Another very interesting book that I just finished reading is a great read called The Scavenger's Guide to Haute Cuisine. It was loaned to me by my friend Kevin who is a pastry chef. This is about a guy who is gifted Auguste Escoffier's book Le Guide Culinaire, and sets off to re-recreate one of the creator of French haute cuisine's famous banquet dinners. The challenge is reproducing the recipes exactly, and he finds that it will take him an entire year to acquire all of the ingredients, and so he sets out to hunt and scavenge all the ingredients himself. This adventure culminates in a 3-day feast of 45 dishes. I particularly enjoyed his tales of hunting for wild boar, fishing in Alaska, and raising squab (baby pigeons). It also reads like a story in Outside Magazine, which makes it a pretty quick read. This book made me jealous for not having any hunting skills (another by-product of the Outside Magazine feel - not feeling as good or athletic or outdoorsy as the guy who wrote the article...), and inspired me to get some - because what is more localvore than hunting your own food? I decided that hunting is an uberlocalvore activity and I plan on making that happen this year. First I must get my hunting license, so I will be relegated to taking the hunter safety class with Boy Scouts earning their badges. I can hardly wait! I can taste my first braised rabbit already!!
The last book I'm going to talk about is Heat : an amateur's adventures as kitchen slave, line cook, pasta maker, and apprentice to a Dante-quoting butcher in Tuscany by Bill Buford. This book is exactly what the title describes. I enter kitchens nearly daily all summer making produce deliveries, and have often wondered what it would be like being on the receiving end of my produce boxes. This book perfectly describes, I think, what that life is like in such great detail that I am convinced of what it is like and have decided that I don't need to work in a kitchen! Admirably, the author decides to take his tutelage in Mario Batali's Babbo kitchen in NYC so seriously, that he decides to fly to Tuscany and apprentice with those that Mario also apprenticed with. This reminded me of how wonderful Italy can be, and made me promise to myself that next time we go to Italy (very likely this October for the next Terra Madre conference), that we stay longer and eat more food directly from farms.

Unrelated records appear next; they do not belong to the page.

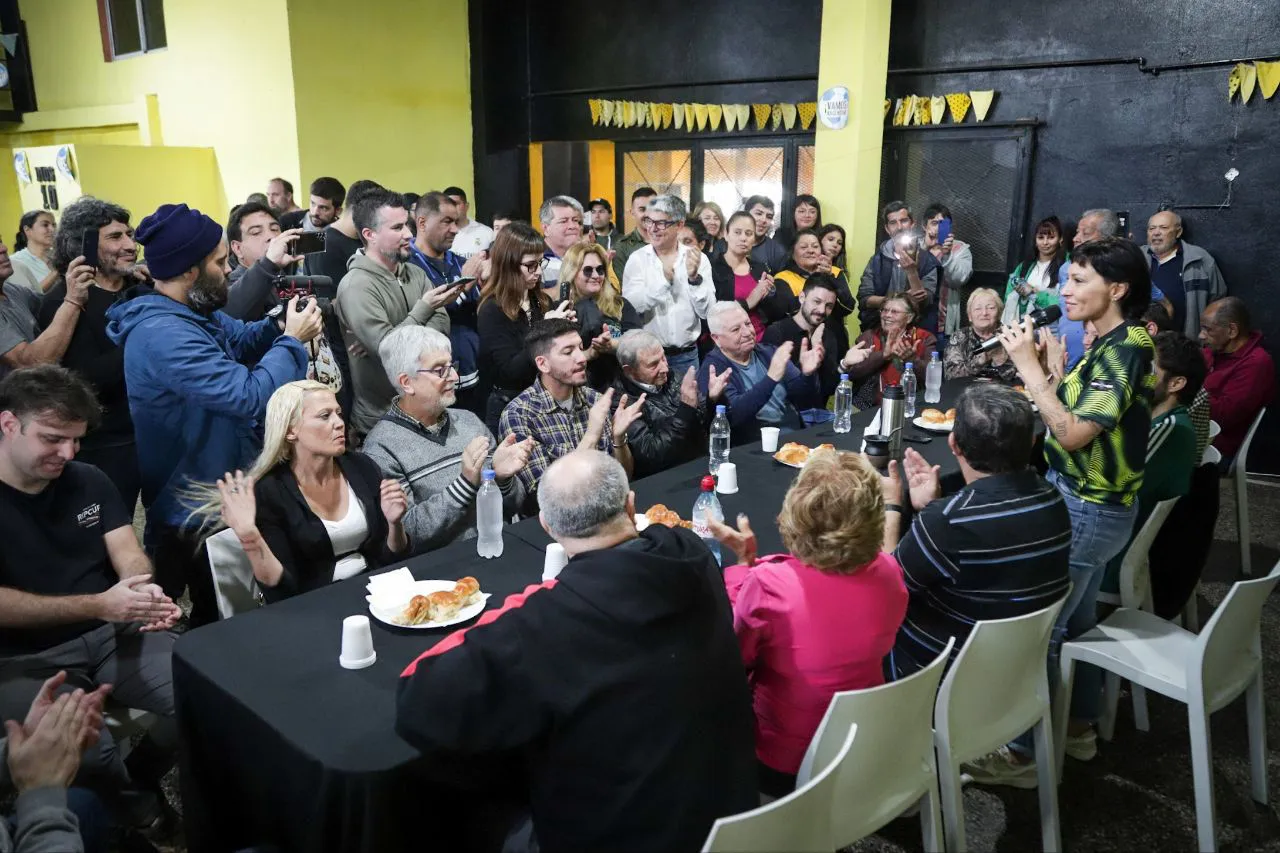 MAYRA CLUB EL INCA 3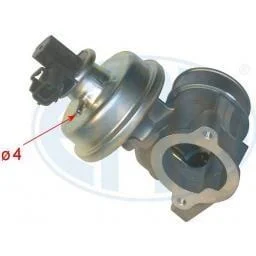 Клапан рециркуляції відпрацьованих газів ERA 555297A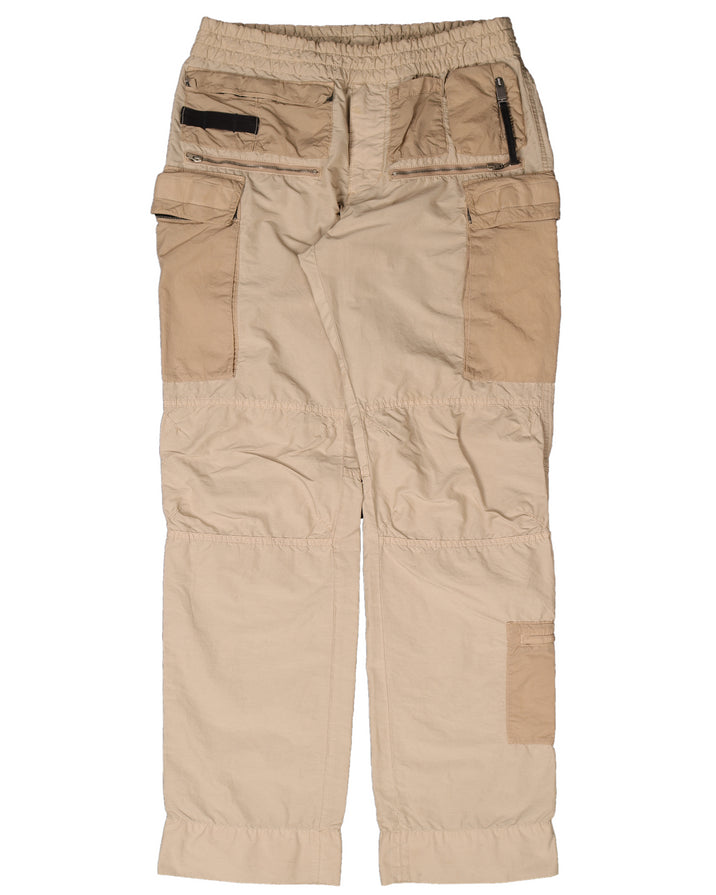 Technical Cargo Track Pants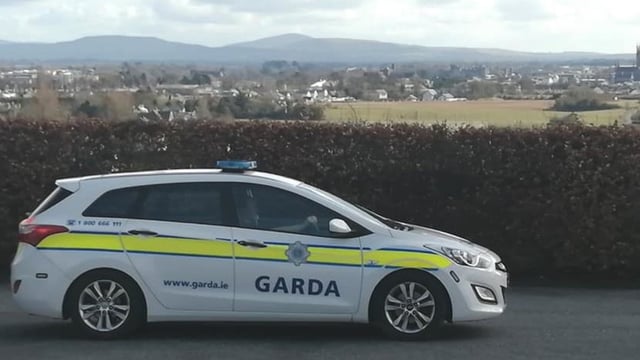 Person hospitalised after tractor and bus collision in Clare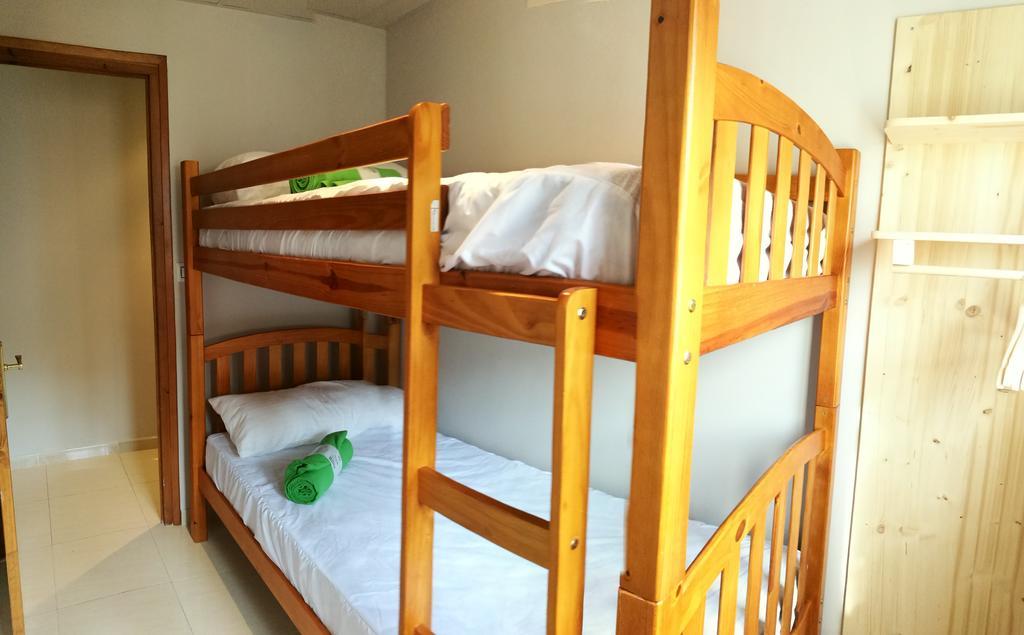 Apartaments Els Temporers Corbera Esterno foto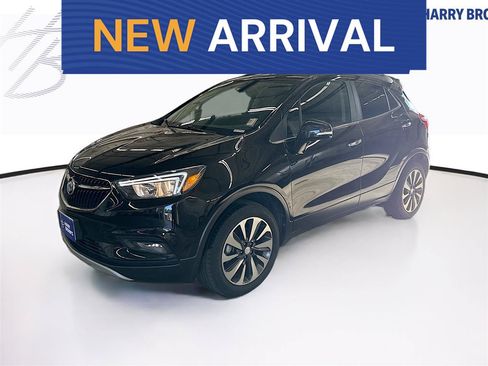 Used 2018 Buick Encore Preferred AWD/4WD image 1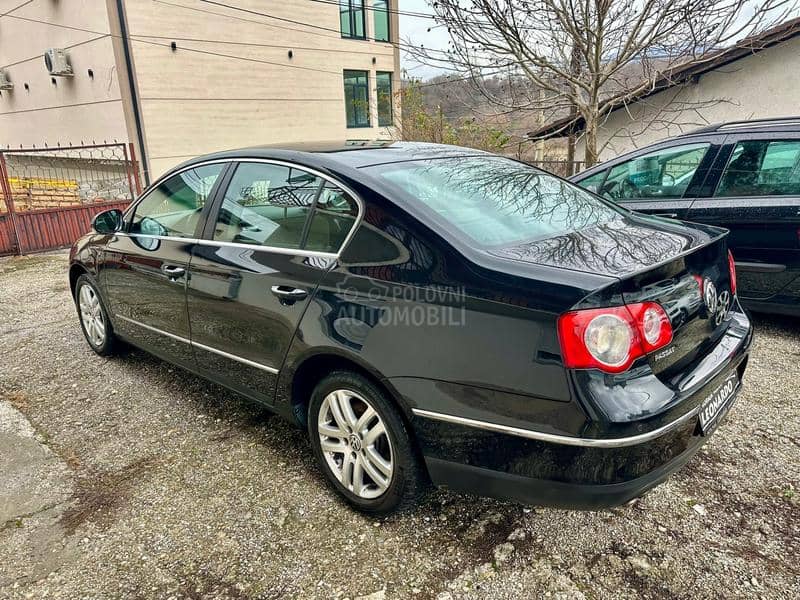 Volkswagen Passat B6 1.9 TDI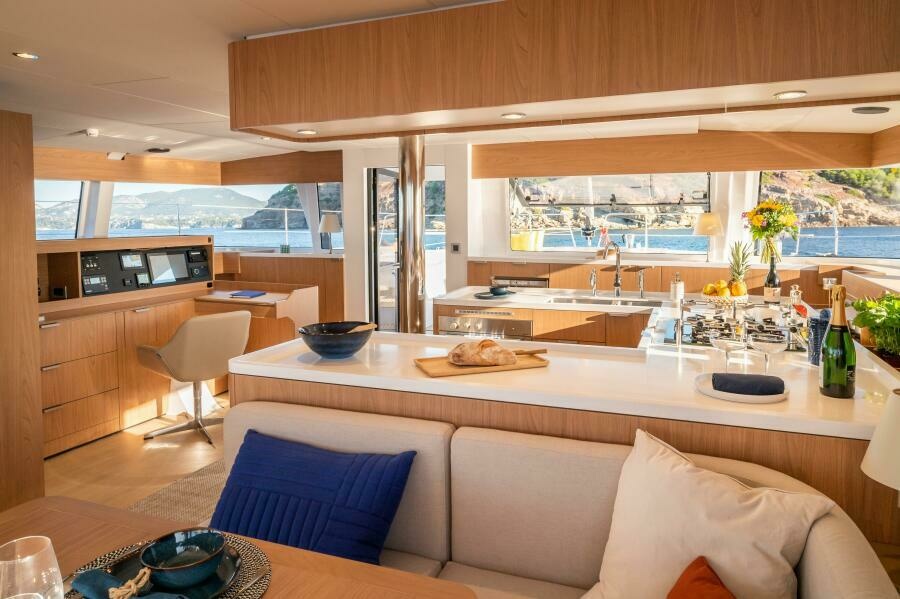 Available Now 58ft Bali Yacht For Sale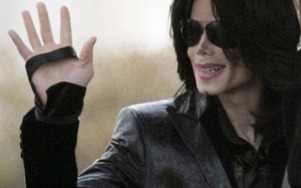 Michael Jackson mj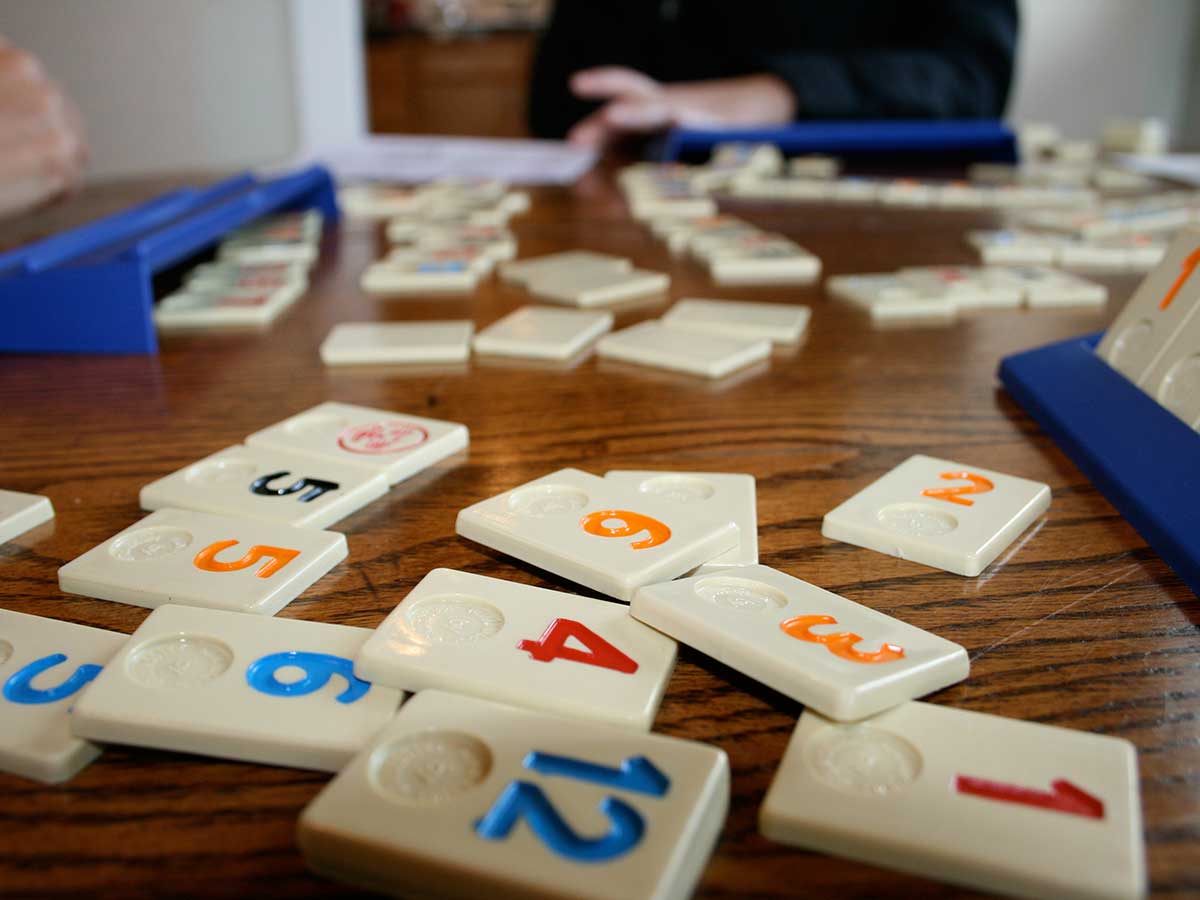 Rummique | Friedman JCC | The Center For Everyone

So, there you have it, my not-so-concise report on my recent readings. I have next up on my plate: a full serving of 3 Marion Nestle books: What to Eat, Food Politics: How the Food Industry Influences Nutrition and Health, and Safe Food: Bacteria, Biotechnology, and Bioterrorism. Michael Pollan's new book - In Defense of Food: An Eater's Manifesto, and a re-reading of his The Omnivore's Dilemma: A Natural History of Four Meals, and Michael Ableman's book from last year: Fields of Plenty: A Farmer's Journey In Search of Real Food and the People Who Grow It. Better get to it; only 2 and a half more months until the first tilling!